Format-agnostic parser for Illumina SampleSheet.csv files — supports IEM V1 and BCLConvert V2

These details have not been verified by PyPI

Project links

Project description

samplesheet-parser

Format-agnostic parser for Illumina SampleSheet.csv files.

Supports both the classic IEM V1 format (bcl2fastq era) and the modern BCLConvert V2 format (NovaSeq X series) — with automatic format detection, bidirectional conversion, index validation, Hamming distance checking, diff comparison, and programmatic sheet creation.
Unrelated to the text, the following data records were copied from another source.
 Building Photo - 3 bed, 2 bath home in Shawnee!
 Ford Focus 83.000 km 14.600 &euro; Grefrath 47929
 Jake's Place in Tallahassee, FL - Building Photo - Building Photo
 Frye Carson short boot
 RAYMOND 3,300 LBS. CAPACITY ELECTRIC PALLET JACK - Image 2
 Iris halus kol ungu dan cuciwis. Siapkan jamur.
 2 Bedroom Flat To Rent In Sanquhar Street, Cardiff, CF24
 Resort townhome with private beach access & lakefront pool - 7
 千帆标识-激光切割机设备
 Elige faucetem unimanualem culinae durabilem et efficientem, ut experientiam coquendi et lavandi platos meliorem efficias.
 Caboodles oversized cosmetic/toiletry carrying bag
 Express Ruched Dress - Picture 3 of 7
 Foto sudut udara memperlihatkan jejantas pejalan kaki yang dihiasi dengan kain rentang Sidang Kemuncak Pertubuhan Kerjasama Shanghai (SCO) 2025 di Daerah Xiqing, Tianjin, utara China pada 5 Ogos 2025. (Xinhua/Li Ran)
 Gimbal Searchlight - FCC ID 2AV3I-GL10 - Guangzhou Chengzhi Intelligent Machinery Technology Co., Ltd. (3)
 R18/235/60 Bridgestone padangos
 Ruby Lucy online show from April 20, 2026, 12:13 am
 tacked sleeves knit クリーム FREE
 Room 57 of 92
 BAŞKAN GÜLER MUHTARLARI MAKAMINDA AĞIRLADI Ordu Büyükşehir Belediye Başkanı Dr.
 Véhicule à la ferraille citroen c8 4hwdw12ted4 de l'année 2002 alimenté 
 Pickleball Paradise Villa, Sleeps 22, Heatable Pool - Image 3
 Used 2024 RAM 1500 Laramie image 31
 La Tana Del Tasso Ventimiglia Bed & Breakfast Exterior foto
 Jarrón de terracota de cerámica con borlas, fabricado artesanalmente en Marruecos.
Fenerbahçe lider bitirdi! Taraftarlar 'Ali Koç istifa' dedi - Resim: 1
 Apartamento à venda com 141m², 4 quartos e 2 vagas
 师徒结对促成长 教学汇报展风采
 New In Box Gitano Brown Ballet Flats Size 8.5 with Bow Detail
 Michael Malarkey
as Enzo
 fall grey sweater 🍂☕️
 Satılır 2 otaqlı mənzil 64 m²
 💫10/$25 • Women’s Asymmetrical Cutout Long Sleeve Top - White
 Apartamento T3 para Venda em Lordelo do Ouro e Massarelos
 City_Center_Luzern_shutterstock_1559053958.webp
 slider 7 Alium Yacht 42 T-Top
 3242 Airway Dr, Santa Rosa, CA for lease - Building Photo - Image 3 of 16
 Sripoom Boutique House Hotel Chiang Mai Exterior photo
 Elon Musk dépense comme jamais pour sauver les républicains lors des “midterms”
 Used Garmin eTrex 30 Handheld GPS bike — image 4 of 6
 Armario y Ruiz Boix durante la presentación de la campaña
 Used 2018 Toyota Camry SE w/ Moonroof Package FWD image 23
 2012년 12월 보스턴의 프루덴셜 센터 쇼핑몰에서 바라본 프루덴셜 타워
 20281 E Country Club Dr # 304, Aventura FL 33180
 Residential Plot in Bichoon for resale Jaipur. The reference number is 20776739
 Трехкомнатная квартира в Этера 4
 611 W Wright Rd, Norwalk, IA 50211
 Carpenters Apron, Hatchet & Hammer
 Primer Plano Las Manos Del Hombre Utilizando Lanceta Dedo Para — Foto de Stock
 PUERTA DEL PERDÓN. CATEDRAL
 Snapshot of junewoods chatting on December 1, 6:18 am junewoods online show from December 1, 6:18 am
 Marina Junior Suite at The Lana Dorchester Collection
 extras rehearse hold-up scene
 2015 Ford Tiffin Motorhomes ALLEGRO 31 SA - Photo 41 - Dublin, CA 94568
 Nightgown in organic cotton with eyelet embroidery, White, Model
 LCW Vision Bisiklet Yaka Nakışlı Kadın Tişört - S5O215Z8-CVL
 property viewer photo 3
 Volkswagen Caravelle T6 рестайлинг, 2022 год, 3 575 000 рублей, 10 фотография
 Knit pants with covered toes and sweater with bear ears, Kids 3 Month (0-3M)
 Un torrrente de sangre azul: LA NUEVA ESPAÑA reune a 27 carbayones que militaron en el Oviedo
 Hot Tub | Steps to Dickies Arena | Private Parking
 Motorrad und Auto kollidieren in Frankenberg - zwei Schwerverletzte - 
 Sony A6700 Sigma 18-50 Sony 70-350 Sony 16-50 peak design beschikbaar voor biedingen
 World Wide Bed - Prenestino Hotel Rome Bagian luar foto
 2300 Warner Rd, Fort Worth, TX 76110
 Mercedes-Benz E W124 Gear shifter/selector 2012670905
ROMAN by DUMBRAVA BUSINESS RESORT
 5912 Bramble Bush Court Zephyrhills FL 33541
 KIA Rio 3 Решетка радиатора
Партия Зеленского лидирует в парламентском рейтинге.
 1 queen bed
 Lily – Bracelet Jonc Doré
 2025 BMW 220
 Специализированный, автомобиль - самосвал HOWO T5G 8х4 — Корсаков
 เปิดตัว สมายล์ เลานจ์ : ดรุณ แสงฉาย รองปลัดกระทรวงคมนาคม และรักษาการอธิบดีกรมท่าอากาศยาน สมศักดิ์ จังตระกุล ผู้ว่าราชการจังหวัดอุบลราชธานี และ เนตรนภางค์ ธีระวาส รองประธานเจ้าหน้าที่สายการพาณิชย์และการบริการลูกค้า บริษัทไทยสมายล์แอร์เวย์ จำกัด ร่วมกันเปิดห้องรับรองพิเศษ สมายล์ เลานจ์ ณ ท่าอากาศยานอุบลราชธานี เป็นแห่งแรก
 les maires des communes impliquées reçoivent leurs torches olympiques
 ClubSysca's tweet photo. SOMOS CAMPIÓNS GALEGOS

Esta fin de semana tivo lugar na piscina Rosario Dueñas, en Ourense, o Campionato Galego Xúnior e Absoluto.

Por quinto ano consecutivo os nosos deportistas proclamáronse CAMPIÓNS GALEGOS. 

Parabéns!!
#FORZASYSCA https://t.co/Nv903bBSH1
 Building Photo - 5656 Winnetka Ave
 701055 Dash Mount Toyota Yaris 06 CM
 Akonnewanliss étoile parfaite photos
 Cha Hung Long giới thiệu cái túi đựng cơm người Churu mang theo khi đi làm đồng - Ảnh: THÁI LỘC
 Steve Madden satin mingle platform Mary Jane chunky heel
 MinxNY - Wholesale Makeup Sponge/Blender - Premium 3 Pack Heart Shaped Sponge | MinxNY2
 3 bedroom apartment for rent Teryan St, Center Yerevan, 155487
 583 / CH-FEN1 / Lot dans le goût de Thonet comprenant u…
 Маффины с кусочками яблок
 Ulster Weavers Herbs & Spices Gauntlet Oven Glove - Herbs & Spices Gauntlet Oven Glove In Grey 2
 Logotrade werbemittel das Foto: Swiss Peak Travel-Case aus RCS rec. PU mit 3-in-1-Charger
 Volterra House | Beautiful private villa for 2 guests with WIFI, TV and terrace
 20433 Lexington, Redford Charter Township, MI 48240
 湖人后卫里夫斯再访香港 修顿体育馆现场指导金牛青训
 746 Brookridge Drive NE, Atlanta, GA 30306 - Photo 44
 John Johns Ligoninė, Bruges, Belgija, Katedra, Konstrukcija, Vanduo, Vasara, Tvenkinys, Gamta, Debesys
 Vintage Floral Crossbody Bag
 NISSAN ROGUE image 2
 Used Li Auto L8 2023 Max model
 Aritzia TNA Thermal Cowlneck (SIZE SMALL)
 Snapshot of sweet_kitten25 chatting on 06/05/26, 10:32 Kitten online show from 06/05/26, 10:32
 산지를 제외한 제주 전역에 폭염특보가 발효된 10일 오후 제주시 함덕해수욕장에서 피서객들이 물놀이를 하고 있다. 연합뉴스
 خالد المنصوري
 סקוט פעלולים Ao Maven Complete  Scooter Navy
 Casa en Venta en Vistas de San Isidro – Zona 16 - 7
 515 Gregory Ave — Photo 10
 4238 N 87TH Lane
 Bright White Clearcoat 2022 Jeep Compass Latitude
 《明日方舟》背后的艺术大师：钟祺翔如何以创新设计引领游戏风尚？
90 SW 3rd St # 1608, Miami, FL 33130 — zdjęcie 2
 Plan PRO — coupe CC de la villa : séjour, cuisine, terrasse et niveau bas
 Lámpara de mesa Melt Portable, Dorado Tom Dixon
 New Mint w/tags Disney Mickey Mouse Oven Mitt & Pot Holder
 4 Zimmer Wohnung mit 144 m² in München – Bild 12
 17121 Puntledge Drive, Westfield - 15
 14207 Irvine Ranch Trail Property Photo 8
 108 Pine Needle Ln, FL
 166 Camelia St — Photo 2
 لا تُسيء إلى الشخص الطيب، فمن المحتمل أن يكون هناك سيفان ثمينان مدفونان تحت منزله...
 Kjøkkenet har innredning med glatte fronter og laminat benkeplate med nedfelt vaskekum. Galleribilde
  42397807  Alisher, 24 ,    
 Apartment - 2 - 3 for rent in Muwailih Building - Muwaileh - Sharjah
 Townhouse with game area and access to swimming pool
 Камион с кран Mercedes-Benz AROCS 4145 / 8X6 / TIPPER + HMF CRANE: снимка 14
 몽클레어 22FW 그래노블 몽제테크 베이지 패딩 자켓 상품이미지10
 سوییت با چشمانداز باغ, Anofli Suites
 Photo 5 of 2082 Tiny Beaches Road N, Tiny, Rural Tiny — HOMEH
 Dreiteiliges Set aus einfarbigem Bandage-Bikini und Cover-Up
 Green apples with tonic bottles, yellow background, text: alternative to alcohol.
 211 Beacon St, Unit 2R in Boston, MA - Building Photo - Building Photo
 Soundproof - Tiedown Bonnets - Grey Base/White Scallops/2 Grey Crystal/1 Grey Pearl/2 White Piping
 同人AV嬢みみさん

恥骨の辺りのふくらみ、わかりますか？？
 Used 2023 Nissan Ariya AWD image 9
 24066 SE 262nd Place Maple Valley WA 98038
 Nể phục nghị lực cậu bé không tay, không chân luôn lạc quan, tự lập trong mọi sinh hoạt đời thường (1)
samplesheet-parser overview

SampleSheetFactory auto-detects the format and routes to the correct parser. Both formats share a common interface — SampleSheetConverter handles bidirectional conversion, SampleSheetValidator catches index and adapter issues, SampleSheetDiff compares two sheets across any combination of V1/V2 formats, and SampleSheetWriter builds or edits sheets programmatically.

The problem this solves

Labs running mixed instrument fleets — older NovaSeq 6000 alongside newer NovaSeq X series — produce two incompatible SampleSheet formats. BCLConvert V2 sheets use [BCLConvert_Settings] / [BCLConvert_Data] sections, OverrideCycles for UMI encoding, and FileFormatVersion in the header. IEM V1 sheets use IEMFileVersion and a flat [Data] section.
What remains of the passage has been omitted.